Jakarta – An Indonesian court has been asked to sentence 14 East Timorese to one year in jail for taking part in an anti-Indonesia protest during a visit by a U.N. envoy in March, the official Antara news agency reported on Wednesday.

Government prosecutors urged the Dili State Court in the East Timor capital to jail the defendants for separatist activities, by protesting outside a hotel where U.N. special envoy Jamsheed Marker was staying.

A total of 33 East Timorese youths were arrested during the protest. On Tuesday, prosecutors asked the same court to sentence 19 East Timorese to one year in jail each on the same charges. Antara gave no further details.

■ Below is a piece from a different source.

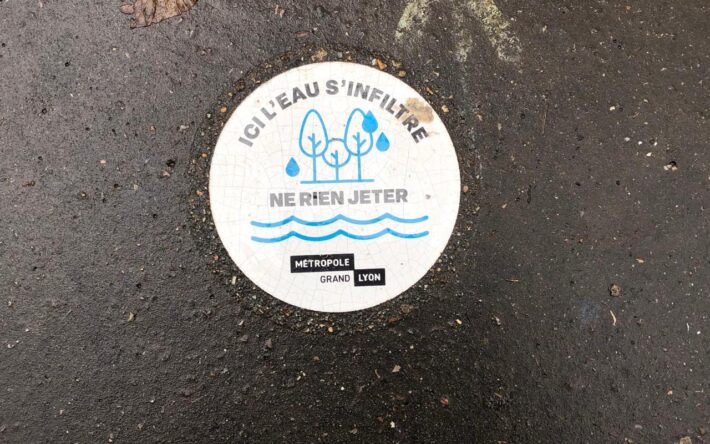 Un macaron ancré dans le sol aux abords des arbres de pluie - Crédits photo : Banque des Territoires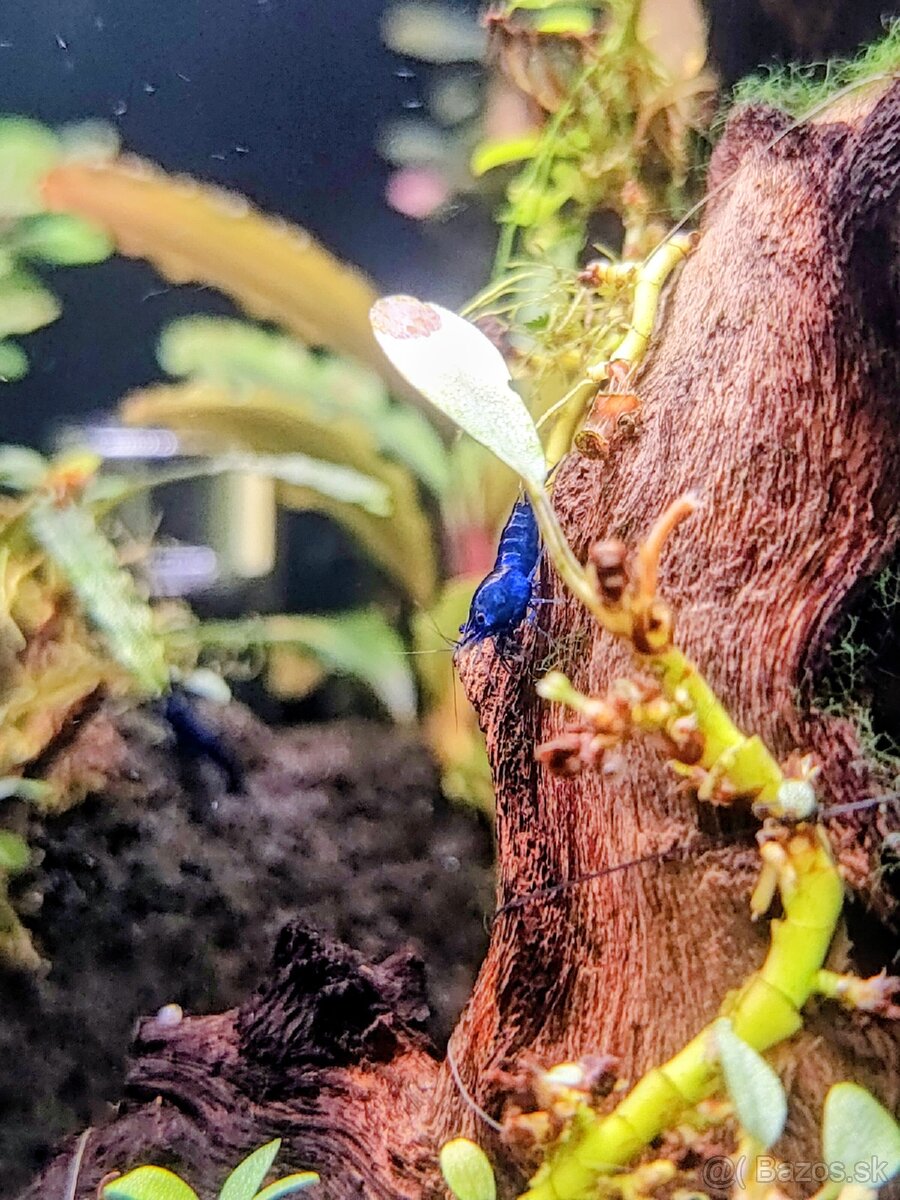 Predám krevetky Neocaridina Blue Diamond - 6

Residents said demonstrators tried to meet Marker over frustrations that he was to see only government officials and Nobel Peace laureate Bishop Carlos Belo during his three-day visit to the territory.

Indonesia invaded East Timor, a former Portuguese colony, in 1975 and annexed it the following year in a move not recognised by the United Nations.

Armed guerrillas in the hills of East Timor and a clandestine movement in urban areas still oppose Jakarta's rule.

On Monday Indonesia dismissed a proposal from a rebel leader to give East Timor a relationship with Jakarta similar to that which Puerto Rico enjoys with the United States.

Puerto Rico has almost total autonomy in its affairs with just foreign relations and defence the province of the U.S. government.